But again, what exactly is the problem here? Is there a crash or something for
user workers?

Re: [PATCH v2 0/5] x86/fpu: don't abuse x86_task_fpu(PF_USER_WORKER) in .regset_get() paths

[Oleg Nesterov]

On 08/22, Edgecombe, Rick P wrote:
>
> On Fri, 2025-08-22 at 17:36 +0200, Oleg Nesterov wrote:
> > PF_USER_WORKER threads don't really differ from PF_KTHREAD threads
> > at least in that they never return to usermode and never use their
> > FPU state.
> >
> > However, ptrace or coredump paths can access their FPU state and this
> > is the only reason why x86_task_fpu(PF_USER_WORKER) needs to work and
> > and discriminate PF_USER_WORKER from PF_KTHREAD. Unlike all other x86
> > FPU code paths which do not distinguish them.
> >
> > OTOH, arch/x86/kernel/fpu/regset.c doesn't really need "struct fpu *",
> > the .regset_get() functions actually need a "struct fpstate *". If the
> > target task is PF_USER_WORKER, they can safely use &init_fpstate.

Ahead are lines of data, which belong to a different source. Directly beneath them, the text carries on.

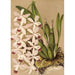 Reproduktion af maleriet Epidendrum conspicuum - Charles Antoine Lemaire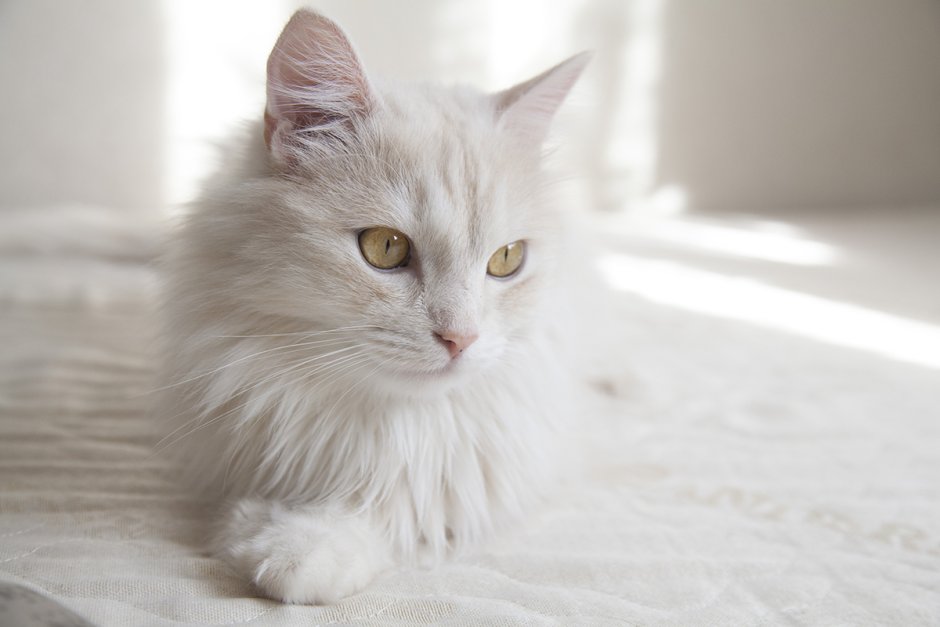 Ангорская кошка серая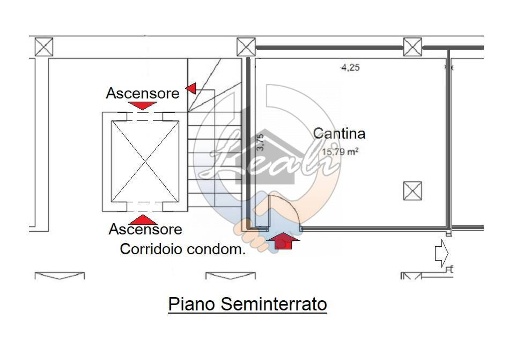 immagine annuncio 5 di 6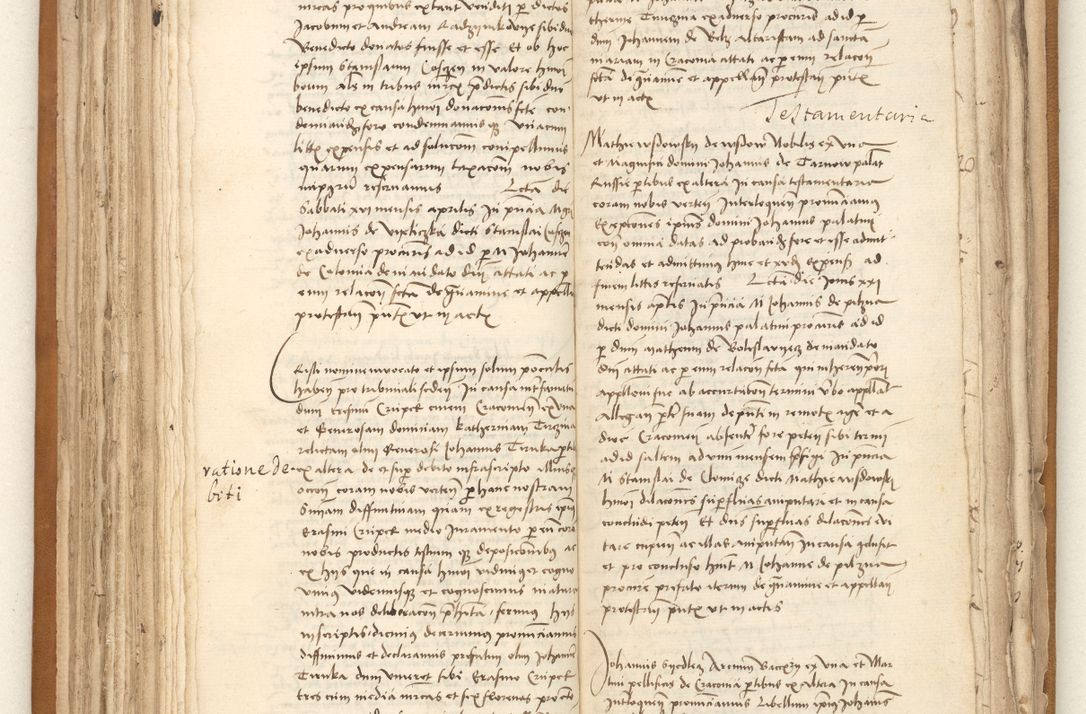 Zdjęcie nr 121 dla obiektu archiwalnego: [Acta sententiarum vicarialia coram Johanne de Goslaw]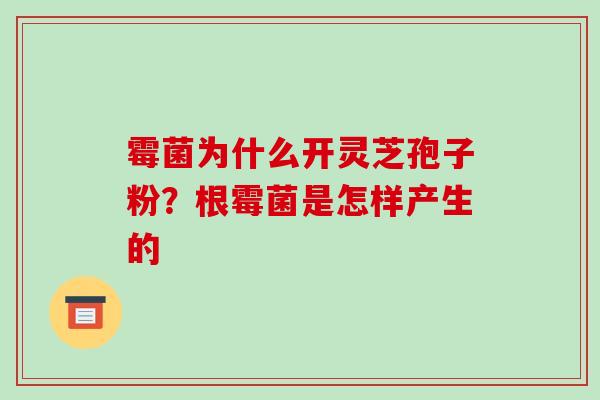 霉菌为什么开灵芝孢子粉?根霉菌是怎样产生的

So
> > this series adds the new simple helper
>
> PKRU affects kernel accesses to userspace. io threads and vhost access
> userspace. So why don't we want PKRU state to be inherited for user workers?

Sorry I don't follow... Again, this is not my area, I am sure I've missed something.
But could you please explain how can this series affect the PKRU logic?

> I guess it is not today, but to me, conceptually we maybe don't want a special
> case for them? So rather than add more special handling, could we actually just
> remove special handling to make it consistent?

Could you spell please?

> But again, what exactly is the problem here? Is there a crash or something for
> user workers?

Well. I already tried to to explain this in the previous discussions. Apperently
I wasn't clear, my fault. So I guess this needs yet another email which I'll write
tomorrow, becauase I am already sleeping today.

Oleg.

Re: [PATCH v2 0/5] x86/fpu: don't abuse x86_task_fpu(PF_USER_WORKER) in .regset_get() paths

[Edgecombe, Rick P]

On Fri, 2025-08-22 at 21:21 +0200, Oleg Nesterov wrote:
> > PKRU affects kernel accesses to userspace. io threads and vhost access
> > userspace. So why don't we want PKRU state to be inherited for user workers?
> 
> Sorry I don't follow... Again, this is not my area, I am sure I've missed
> something.
> But could you please explain how can this series affect the PKRU logic?
> 
> > I guess it is not today

I'm sorry, this is incorrect. PKRU is not kept in the FPU structs anymore. So it
should be inherited over clone I guess. But despite not being in the actual FPU
buffer, for compatibility it's left in the uabi xstate copy stuff that the
regsets use.

> > , but to me, conceptually we maybe don't want a special case for them? So
> > rather than add more special handling, could we actually just remove special
> > handling to make it consistent?
> 
> Could you spell please?

PKRU is for "protection keys". These are memory permissions that can be applied
per-thread. So you can make a virtual address toggleable for read or write
without affecting the other threads. The kernel is supposed to have these
permissions enforced just like the normal ones (read-only, etc). So it's an
example of user FPU state that applied to the kernel. Except that, as above, it
had to be moved out of the actual FPU state because it was special in that way.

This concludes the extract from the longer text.